Reporter: Abdul Basith | Editor: Sofyan Hidayat
KONTAN.CO.ID - JAKARTA. Dorongan pengesahan revisi Undang Undang Terorisme (UU Terorisme) perlu memperhatikan kondisi masyarakat. Terdapat berbagai polemik sehingga terdapat tarik ulur dalam revisi UU Terorisme. Meski begitu, poin-poin yang terdapat dalam revisi UU Terorisme perlu diperhatikan agar tidak mengancam suatu kelompok masyarakat tertentu.
"Jangan sampai UU Terorisme nanti lebih menakutkan dari terorisme itu sendiri," ujar Pengamat Terorisme Institute for Security and Strategic Studies (ISESS) Khairul Fahmi.
Poin dalam UU Terorisme dapat disalahgunakan bila terdapat ketidakjelasan. Khairul mencontohkan soal penyadapan yang memerlukan kejelasan kapan tindakan penyadapan dapat dilakukan.
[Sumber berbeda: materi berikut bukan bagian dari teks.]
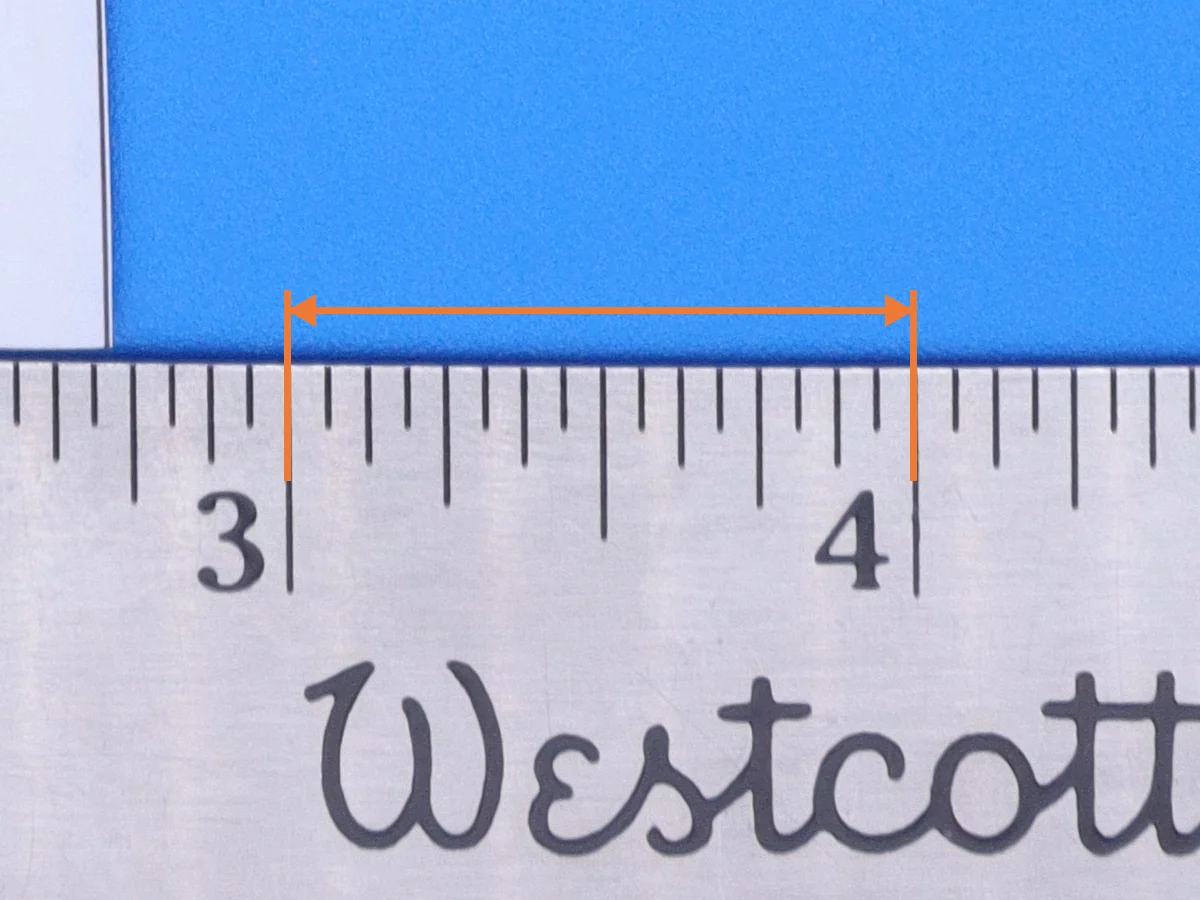 The same ruler up close, with an orange bracket between the 3 and 4 inch marks.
Selain poin yang jelas, Khairul bilang pada revisi UU Terorisme belum terdapat norma terhadap hal utama yang dibahas. Hal itu akan membuat pengertian terorisme menjadi tidak jelas.
"RUU Tindak Pidana Terorisme ini belum punya rumusan normatif yang jelas tentang terorisme, radikalisme dan deradikalisasi itu sendiri," terang Khairul.
Meski begitu, Khairul sepakat penting adanya UU Terorisme. Revisi UU Terorisme dapat memperbaiki sisi lemah payung hukum pemberantasan terorisme.
Khairul menjelaskan selama ini belum ada klausul yang membahas mengenai pencegahan. Selain itu juga revisi UU Terorisme mencantumkan pengaturan untuk digunakannya pendekatan kesejahteraan sosial sebagai upaya rehabilitasi dan deradikalisasi.
Hal yang juga penting dibahas dalam revisi UU Terorisme adalah peran Badan Nasional Penanggulangan Terorisme (BNPT). "Sampai hari ini posisi BNPT paling lemah karena sebelumnya tak memiliki payung hukum setingkat UU," jelas Khairul.
Posisi BNPT dinilai perlu dipertegas termasuk mengenai distribusi peran dan kewenangan. Sejauh mana masing-masing unsur seperti Polri, BIN, TNI. Misal, di level dan area mana saja TNI bisa, boleh dan harus dilibatkan.